参考：https://academy.dataiku.com/plugin-development/513345

以下の記事の前準備が終わっているものとします。
https://qiita.com/ayoyo/items/ffd2bfbf6a8c7f01ecd6

プロジェクトの以下にアクセスし、web app作成画面を表示します。
[>]>[+New Webapp]>[Code Webapp]>[sample-webapp]

[ACTIONS]>[Plugin]をクリック。

Existing dev pluginを選択し、Plugin idとしてtest pluginを選択。（ここで出てこない場合は、この記事の前準備ができていない。）
New plugin webapp idにcustom-scatterplotと記載して[CONVERT]をクリック。

画面が切り替わって、以下のような画面が表示されます。これは、pluginの開発用画面となります。散布図web appをプラグイン化したことで、自動的にプラグインのひな形が作成されました。ちなみに[Apps]>[Plugins]>[Development]>[custom-scatterplot]でも辿り着けます。
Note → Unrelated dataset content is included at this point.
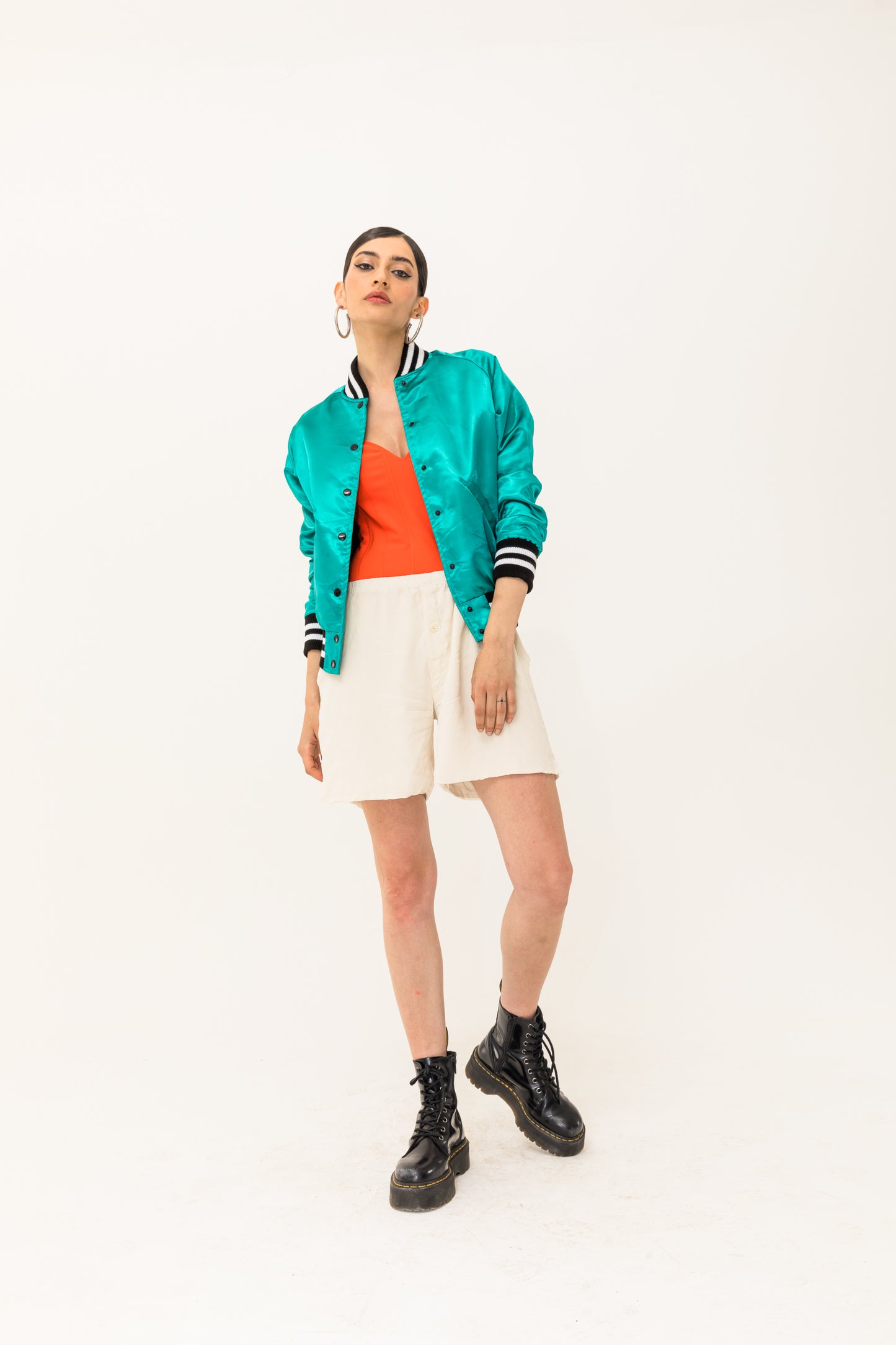 The 420 Bomber, Teal/Orange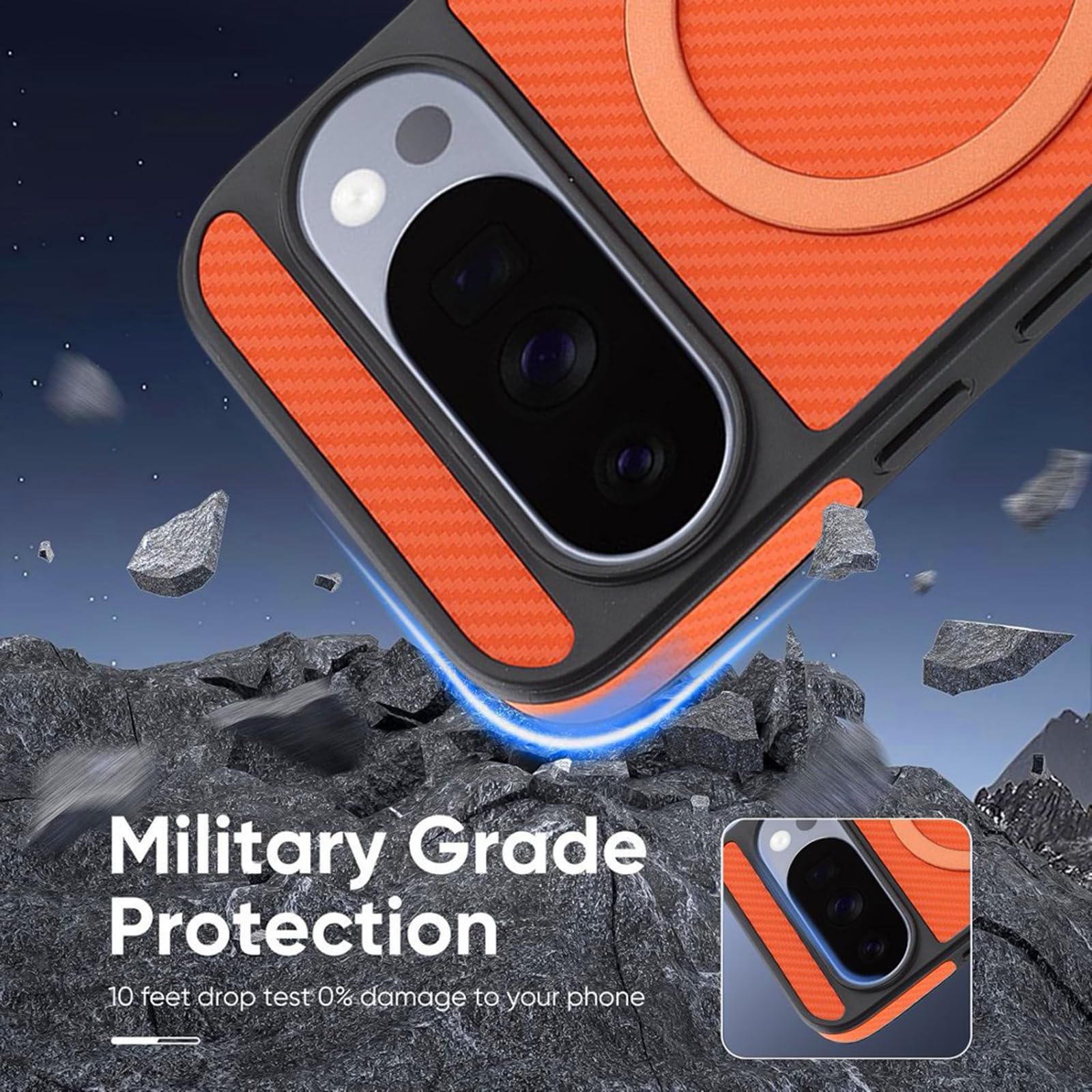 Custodia Magnetica Per Google Pixel 11 Pro XL/ 11 Pro/ 11, Ultra Sottile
左側にこのプラグインのディレクトリ構造が示されています。今回のプラグインはtest-plugin/webapps/custom-scatterplot以下にファイルが置かれていることがわかります。ちなみに、test-plugin/webapps/custom-histgramは、この記事を実施したときのプラグインです。同じプラグインID(test-plugin)で作成したので、同じwebappsディレクトリ以下に置かれたようです。

webapp.jsonの書き換え

プラグイン化するため、内部でベタ書きで呼んでいるデータセット名やカラム名を変更していきます。
webapp.jsonのparamを以下のように書き換えます。

"params": [
    {
        "name": "input_dataset",
        "type": "DATASET",
        "label": "Dataset",
        "description": "The dataset used to populate the web app",
        "mandatory": true,
        "canSelectForeign": true
    },
    {
        "name": "x_column",
        "type": "DATASET_COLUMN",
        "datasetParamName": "input_dataset",
        "label": "X-Axis Column",
        "description": "",
        "mandatory": true
    },
    {
        "name": "y_column",
        "type": "DATASET_COLUMN",
        "datasetParamName": "input_dataset",
        "label": "Y-Axis Column",
        "description": "",
        "mandatory": true
    },
    {
        "name": "time_column",
        "type": "DATASET_COLUMN",
        "datasetParamName": "input_dataset",
        "label": "Time Column",
        "description": "",
        "mandatory": true
    },
    {
        "name": "cat_column",
        "type": "DATASET_COLUMN",
        "datasetParamName": "input_dataset",
        "label": "Categorical Column",
        "description": "",
        "mandatory": true
    }
],

rolesのコメントアウトを外します。

    "roles": [
         {"type": "DATASET", "targetParamsKey": "input_dataset"} 
    ]

これでパラメタの設定ができました。

backend.pyの書き換え

次にpythonコードの方を書き換えていきます。
backend.pyの「#入力パラメタの設定」を以下のように書き換えます。

# 入力パラメタの設定
input_dataset = get_webapp_config()['input_dataset']
x_column = get_webapp_config()['x_column']
y_column = get_webapp_config()['y_column']
time_column = get_webapp_config()['time_column']
cat_column = get_webapp_config()['cat_column']

これで書き換え完了です。
[SAVE ALL]をクリックし、[ACTIONS]>[Reload this plugin]をクリック。

これでプラグインができたので、動作確認します。

先ほどのプロジェクトのフローに戻って、Orders_enriched_preparedデータセットを選択。
Webappsのところに、custom scatterplotが、無い。

ブラウザをリロードしたらでてきました、Custom scatterplot。

Custom scatterplotを選択し、Weapp nameをデフォルトのままにCREATE。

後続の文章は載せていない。